A vulnerability not yet discovered or that is known only to a few, but unknown to software developers (who then had “zero days” to fix it), is called a “Zero-Day Vulnerability.” These are the most feared because if an attacker – and he alone – knows about it, he would have a weapon in his hand capable of doing serious damage. Zero-Day exploits take advantage of precisely these flaws.

When the vulnerability becomes known, it is c day, alled “n-day,” and, at this time, it is usually repaired by a software update. Such a security update is called a “patch“. When the patch is made available (by the software manufacturer), the vulnerability can be rendered harmless, but only if the patch is installed, and this – as we shall see – may not happen, still leaving the system vulnerable.

Known vulnerabilities are classified as Common Vulnerabilities and Exposures, abbreviated as CVE (“common vulnerabilities and exposures”). The Mitre Corporation, an agency funded by the U.S. Department of Homeland Security’s Federally Funded Research and Development Centers (FFRDCs), keeps this classification updated.

Each vulnerability is cataloged in the aforementioned MITRE site with the classification defined as: CVE – year – sequential number.

For example: CVE-2019-0708 is the famous vulnerability affecting the Windows Remote Desktop Protocol (RDP) which can be exploited by a Remote Code Execution (RCE) attack from the Bluekeep web exploit, which we will discuss later.
Vulnerabilities are classified according to the level (score) of severity.

One of the most widely used is the Common Vulnerability Scoring System (CVSS).
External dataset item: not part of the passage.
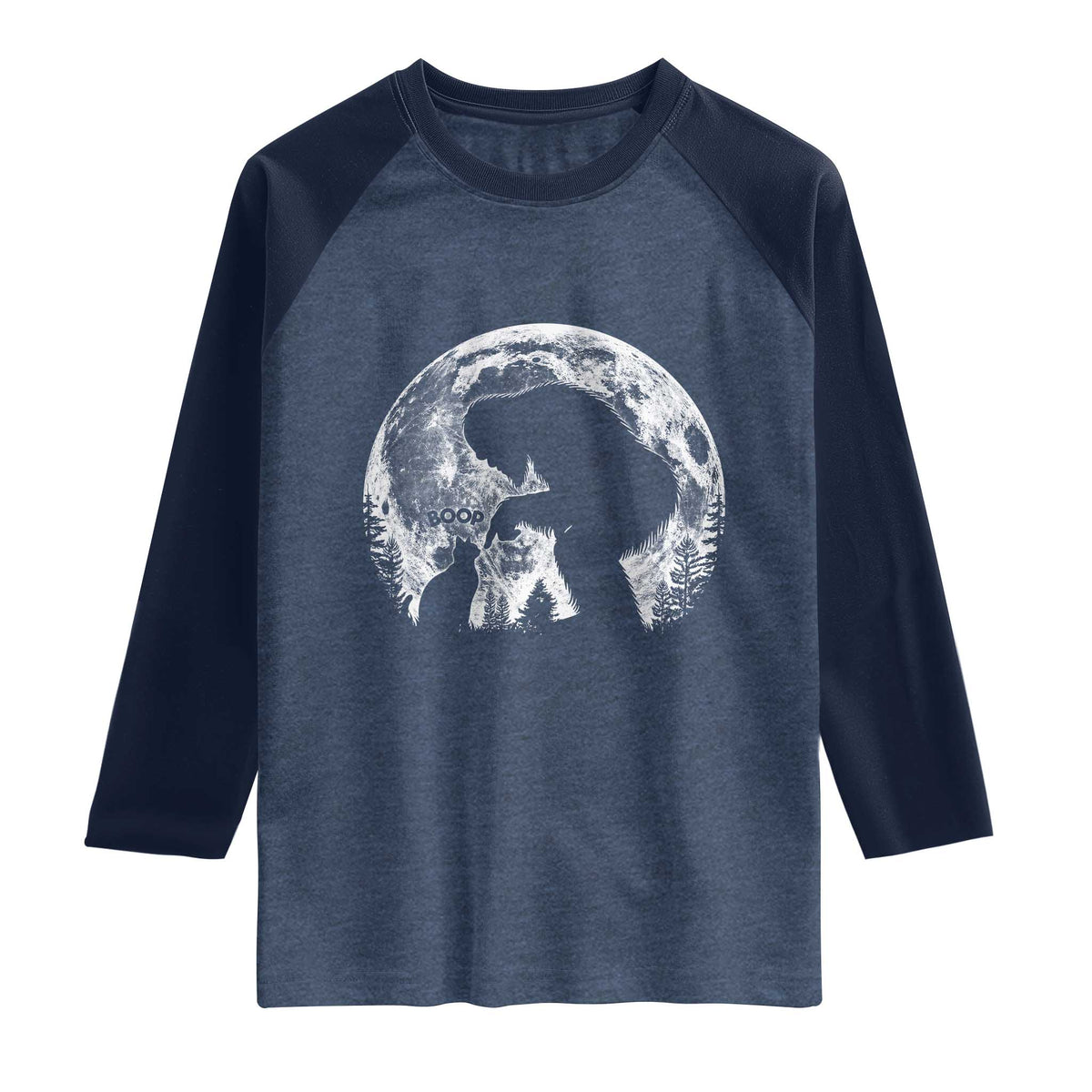 Fun Hand Boop Nose Bigfoot Cat Raglan Shirt Sasquatch Full Moon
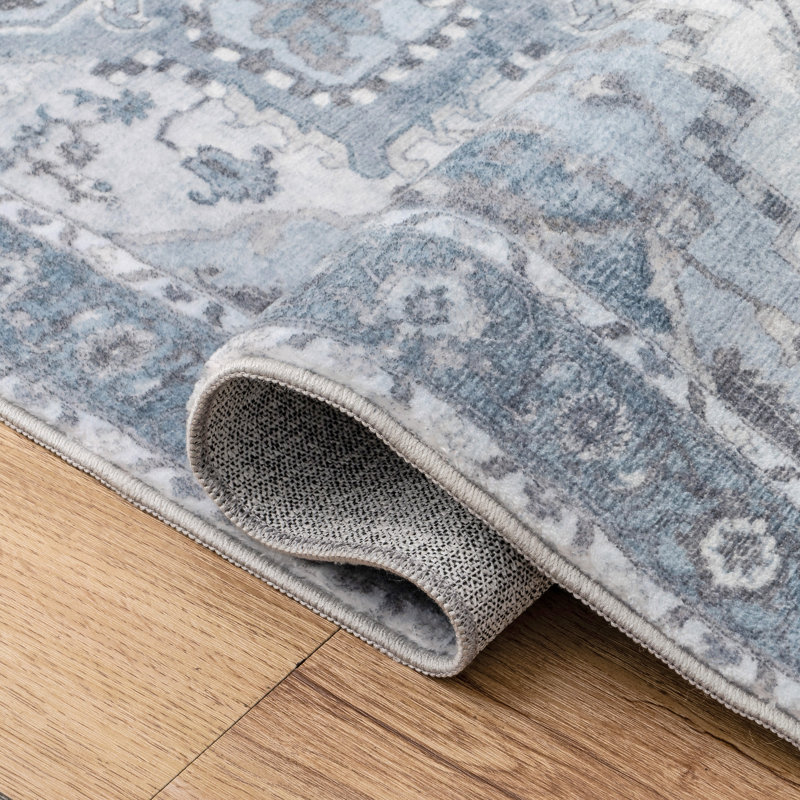 Tapis antidérapant Sersi Ornate, Bleu gris / crème, Rectangle 8' x 10'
This is a method of identifying the main characteristics of a vulnerability and producing a numerical score that reflects its severity. The numerical score can then be translated into a qualitative representation (such as low, medium, high, or critical) in order to help organizations properly assess and prioritize their vulnerability management processes.

CVSS is now a public standard used by organizations around the world. Its usage by U.S. agencies was recommended by the National Institute of Standards and Technology (NIST) in “NIST Special Publication (SP) 800-51, Use of the CVE Vulnerability Naming Scheme,” which was initially released in 2002.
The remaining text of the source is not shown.